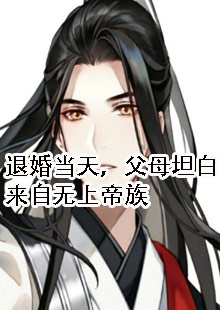 退婚当天，父母坦白来自无上帝族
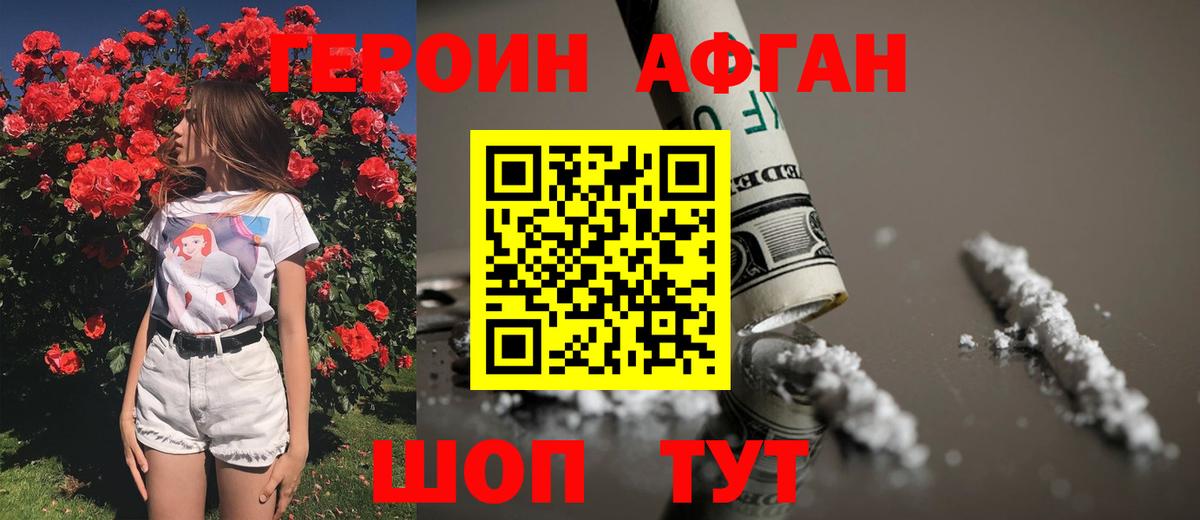 Героин  ГЕРОИН Афган  Вход с VPN  Наро-Фоминск 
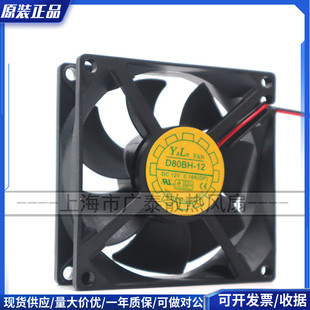 12V 0.18A 3线 悦轮 UPS不间断电源风扇 8025 全新 D80BH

★ ★ ★ ★

> _TASK PROMPT_
From the first line to the last, repeat the material exactly, but drop the pictures.

> _EXERCISE SOLUTION_
 退婚当天，父母坦白来自无上帝族
 Героин  ГЕРОИН Афган  Вход с VPN  Наро-Фоминск 
 12V 0.18A 3线 悦轮 UPS不间断电源风扇 8025 全新 D80BH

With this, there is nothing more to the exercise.